The Right to freedom of speech and expression is both a legitimate right and a legal obligation, with the aim of fostering peace and a spirit of mutual brotherhood among all Indians, regardless of religious, linguistic, or regional differences. In order for a person to freely exercise his right to free expression, others must uphold their basic responsibilities and when another person’s obligation is enforced will one’s right be enforced. One pays the price for another’s right, and the cycle continues.

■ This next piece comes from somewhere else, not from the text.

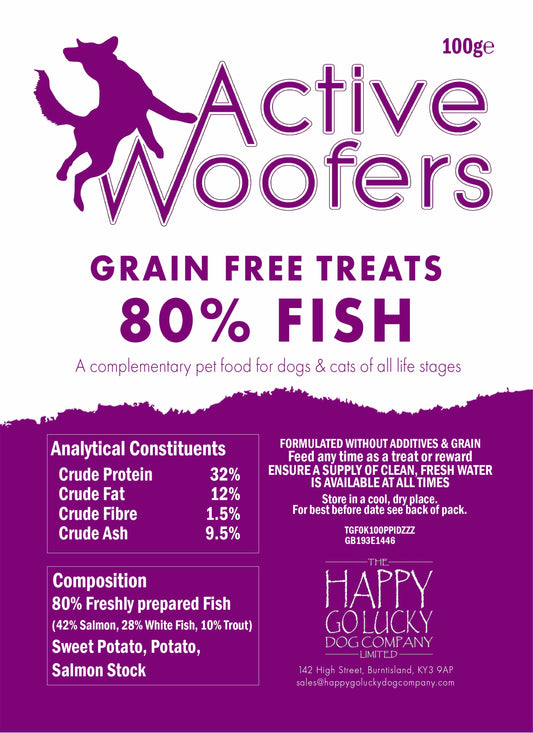 Active Woofers grain-free treats packaging with purple and white design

If one of the parties fails to pay for another’s privilege, the same will be mirrored, resulting in the privilege’s extinction in respect of both.

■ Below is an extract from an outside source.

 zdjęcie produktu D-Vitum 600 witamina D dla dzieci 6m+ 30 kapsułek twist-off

 In today’s world, freedom of expression has come under intense pressure and has been severely curtailed. Without a doubt, freedom of speech has gained a sense of flexibility and has been subjected to a lot less restrictions in comparison to the pre-independence era; nevertheless, there have been many attempts by power wielders, primarily politicians, to restrict this freedom to their advantage by exploiting the bewilderment of the masses and further alienating them under various authors, journalists, activists, and film directors have been the hardest hit by the crisis.

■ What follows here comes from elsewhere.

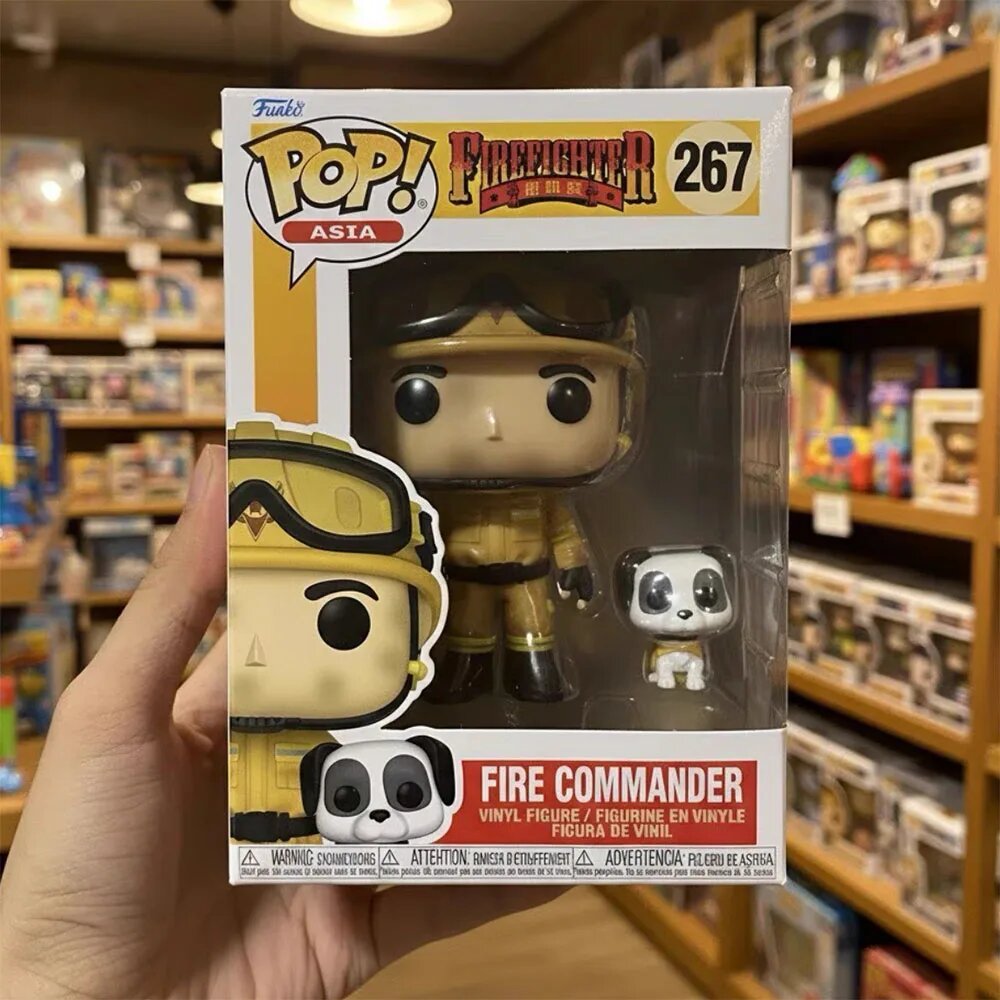 Пожарный Funko Pop Asia # 267 пожарный командир с собакой, виниловые фигурки, игрушки, забавная коллекция, декор, куклы, подарки для детей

Media, being the fourth pillar of democracy is collaterally intertwined with our subject. Several journalists have been deprived of their basic rights in their pursuit of exposing the truth and exercising freedom of press. Eminent journalists, including Sandeep Sharma, an investigative journalist reporting on unabated illegal sand mining and the alleged involvement of police in the same, who was crushed by a truck in Bhind, Madhya Pradesh; and Patricia Mukhim, editor of the Shillong Times, who had a petrol bomb thrown at her home, are few among the many, to have been subjected to aggravated threats, and while some have been killed, others have been fomented.

In the case of S. Khusboo v. Kanniamal & Anr.[11], the Supreme Court observed that morality and crime do not co-exist and that the free flow of ideas in a society makes its citizens well educated, which results in good governance. For the same reason, it is important that people are not constantly threatened with dire consequences for expressing their opinions that differ from the widely-held current viewpoint. highlighting the significance of free expression.  In this case sec. 66A of the Information and Technology Act of 2000 was ruled unconstitutional because it was in direct conflict with the fundamental right of free expression.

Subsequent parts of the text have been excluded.